# What is being asked
With the pictures removed, please write out every line below exactly as given.

# Data provided
────────

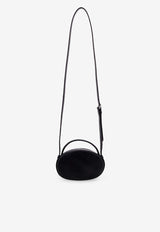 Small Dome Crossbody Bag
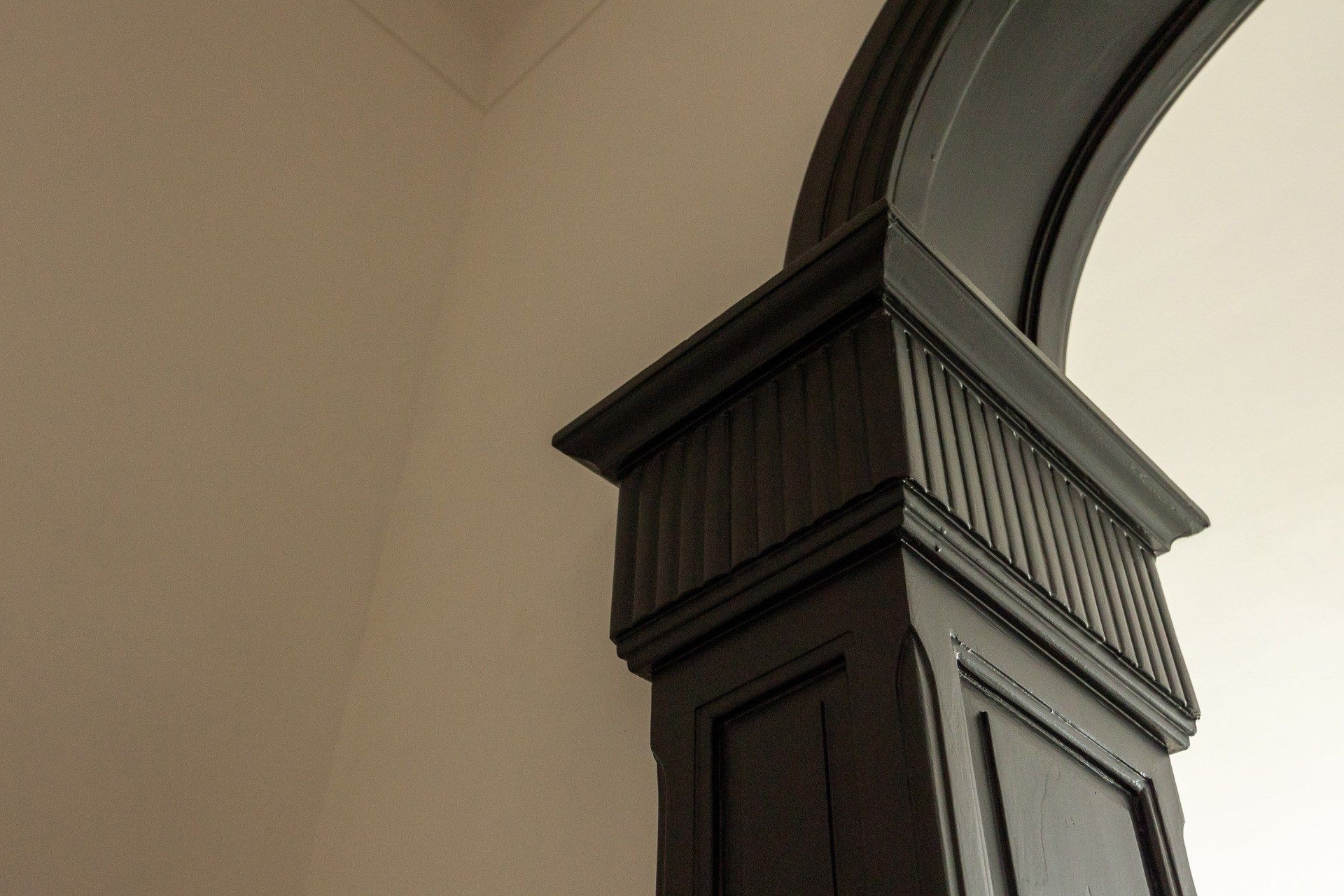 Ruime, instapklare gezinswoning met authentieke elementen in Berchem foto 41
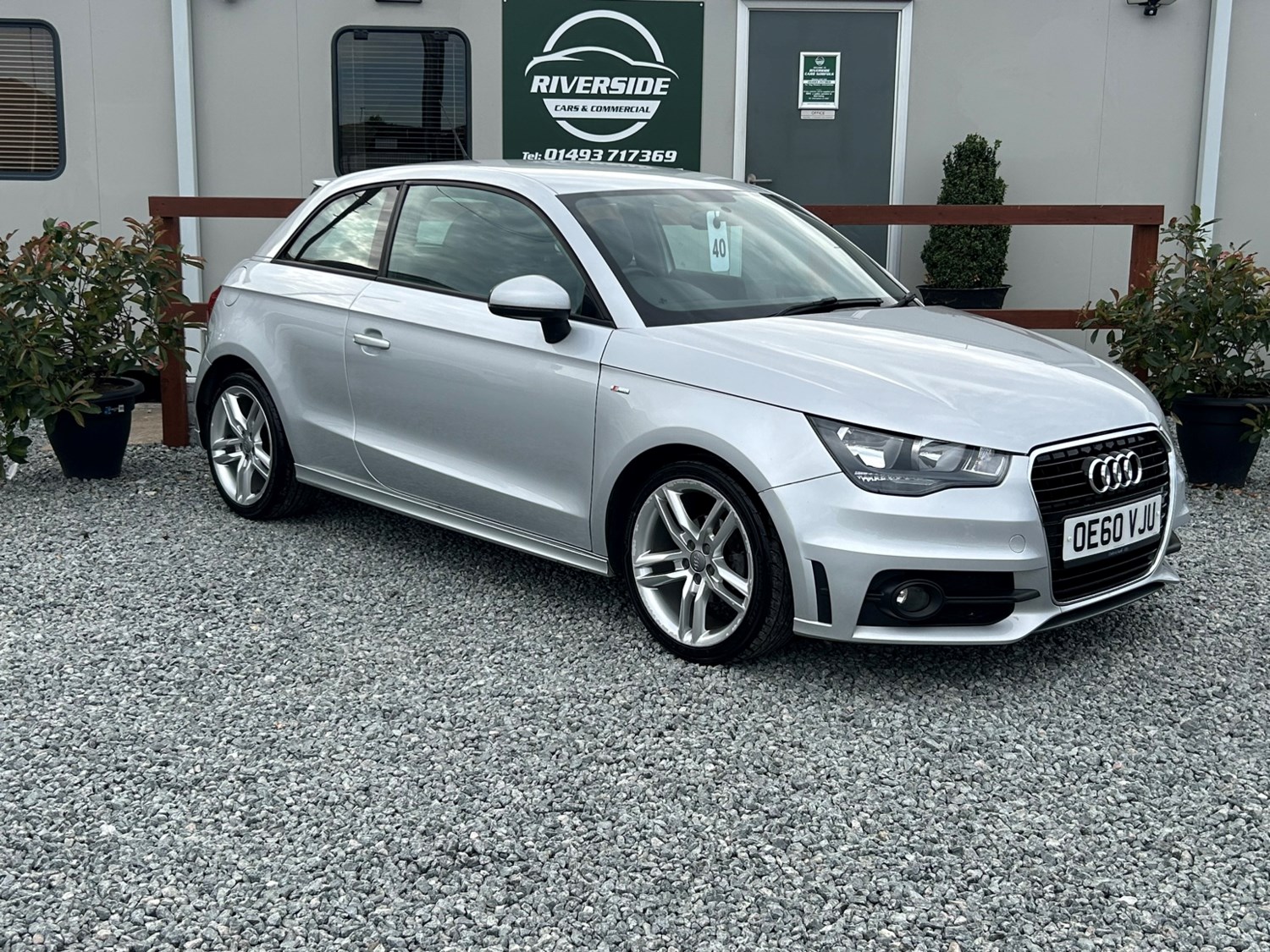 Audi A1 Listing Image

────────

# Your solution
 Small Dome Crossbody Bag
 Ruime, instapklare gezinswoning met authentieke elementen in Berchem foto 41
 Audi A1 Listing Image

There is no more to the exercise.